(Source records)

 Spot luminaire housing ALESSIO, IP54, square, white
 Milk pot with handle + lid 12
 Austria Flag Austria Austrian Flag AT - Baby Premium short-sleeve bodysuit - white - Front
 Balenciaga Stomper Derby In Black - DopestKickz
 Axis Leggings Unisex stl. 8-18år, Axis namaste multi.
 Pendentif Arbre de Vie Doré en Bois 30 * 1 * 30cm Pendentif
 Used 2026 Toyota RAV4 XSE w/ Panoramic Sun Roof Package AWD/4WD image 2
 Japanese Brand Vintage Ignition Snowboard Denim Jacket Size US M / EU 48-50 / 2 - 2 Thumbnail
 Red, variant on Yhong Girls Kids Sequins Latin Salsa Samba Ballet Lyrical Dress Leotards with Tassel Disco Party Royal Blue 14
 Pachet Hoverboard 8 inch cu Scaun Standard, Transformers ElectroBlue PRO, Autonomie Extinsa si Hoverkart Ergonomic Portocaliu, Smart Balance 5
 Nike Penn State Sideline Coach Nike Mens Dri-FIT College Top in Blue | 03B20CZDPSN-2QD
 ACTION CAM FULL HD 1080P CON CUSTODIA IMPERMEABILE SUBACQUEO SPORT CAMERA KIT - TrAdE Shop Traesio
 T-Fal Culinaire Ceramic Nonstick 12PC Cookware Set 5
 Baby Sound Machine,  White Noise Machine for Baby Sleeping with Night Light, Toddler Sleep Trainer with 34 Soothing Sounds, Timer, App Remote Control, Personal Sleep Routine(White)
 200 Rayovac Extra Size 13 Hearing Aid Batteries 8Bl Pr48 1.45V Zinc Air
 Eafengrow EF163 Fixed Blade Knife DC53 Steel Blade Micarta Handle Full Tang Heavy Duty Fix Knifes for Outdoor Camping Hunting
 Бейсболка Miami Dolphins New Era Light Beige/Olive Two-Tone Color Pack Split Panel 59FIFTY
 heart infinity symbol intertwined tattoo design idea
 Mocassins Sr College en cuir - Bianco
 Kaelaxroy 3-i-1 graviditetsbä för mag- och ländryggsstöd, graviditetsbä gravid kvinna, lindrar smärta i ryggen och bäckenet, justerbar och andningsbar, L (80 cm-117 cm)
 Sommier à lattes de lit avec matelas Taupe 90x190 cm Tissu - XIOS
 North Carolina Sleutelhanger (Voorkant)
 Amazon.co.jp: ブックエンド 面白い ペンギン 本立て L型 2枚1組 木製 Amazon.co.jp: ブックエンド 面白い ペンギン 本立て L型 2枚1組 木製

_What you have to do:_ The records above, in their entirety, need to be set down again exactly.

_Solution to the problem:_
 Spot luminaire housing ALESSIO, IP54, square, white
 Milk pot with handle + lid 12
 Austria Flag Austria Austrian Flag AT - Baby Premium short-sleeve bodysuit - white - Front
 Balenciaga Stomper Derby In Black - DopestKickz
 Axis Leggings Unisex stl. 8-18år, Axis namaste multi.
 Pendentif Arbre de Vie Doré en Bois 30 * 1 * 30cm Pendentif
 Used 2026 Toyota RAV4 XSE w/ Panoramic Sun Roof Package AWD/4WD image 2
 Japanese Brand Vintage Ignition Snowboard Denim Jacket Size US M / EU 48-50 / 2 - 2 Thumbnail
 Red, variant on Yhong Girls Kids Sequins Latin Salsa Samba Ballet Lyrical Dress Leotards with Tassel Disco Party Royal Blue 14
 Pachet Hoverboard 8 inch cu Scaun Standard, Transformers ElectroBlue PRO, Autonomie Extinsa si Hoverkart Ergonomic Portocaliu, Smart Balance 5
 Nike Penn State Sideline Coach Nike Mens Dri-FIT College Top in Blue | 03B20CZDPSN-2QD
 ACTION CAM FULL HD 1080P CON CUSTODIA IMPERMEABILE SUBACQUEO SPORT CAMERA KIT - TrAdE Shop Traesio
 T-Fal Culinaire Ceramic Nonstick 12PC Cookware Set 5
 Baby Sound Machine,  White Noise Machine for Baby Sleeping with Night Light, Toddler Sleep Trainer with 34 Soothing Sounds, Timer, App Remote Control, Personal Sleep Routine(White)
 200 Rayovac Extra Size 13 Hearing Aid Batteries 8Bl Pr48 1.45V Zinc Air
 Eafengrow EF163 Fixed Blade Knife DC53 Steel Blade Micarta Handle Full Tang Heavy Duty Fix Knifes for Outdoor Camping Hunting
 Бейсболка Miami Dolphins New Era Light Beige/Olive Two-Tone Color Pack Split Panel 59FIFTY
 heart infinity symbol intertwined tattoo design idea
 Mocassins Sr College en cuir - Bianco
 Kaelaxroy 3-i-1 graviditetsbä för mag- och ländryggsstöd, graviditetsbä gravid kvinna, lindrar smärta i ryggen och bäckenet, justerbar och andningsbar, L (80 cm-117 cm)
 Sommier à lattes de lit avec matelas Taupe 90x190 cm Tissu - XIOS
 North Carolina Sleutelhanger (Voorkant)
 Amazon.co.jp: ブックエンド 面白い ペンギン 本立て L型 2枚1組 木製 Amazon.co.jp: ブックエンド 面白い ペンギン 本立て L型 2枚1組 木製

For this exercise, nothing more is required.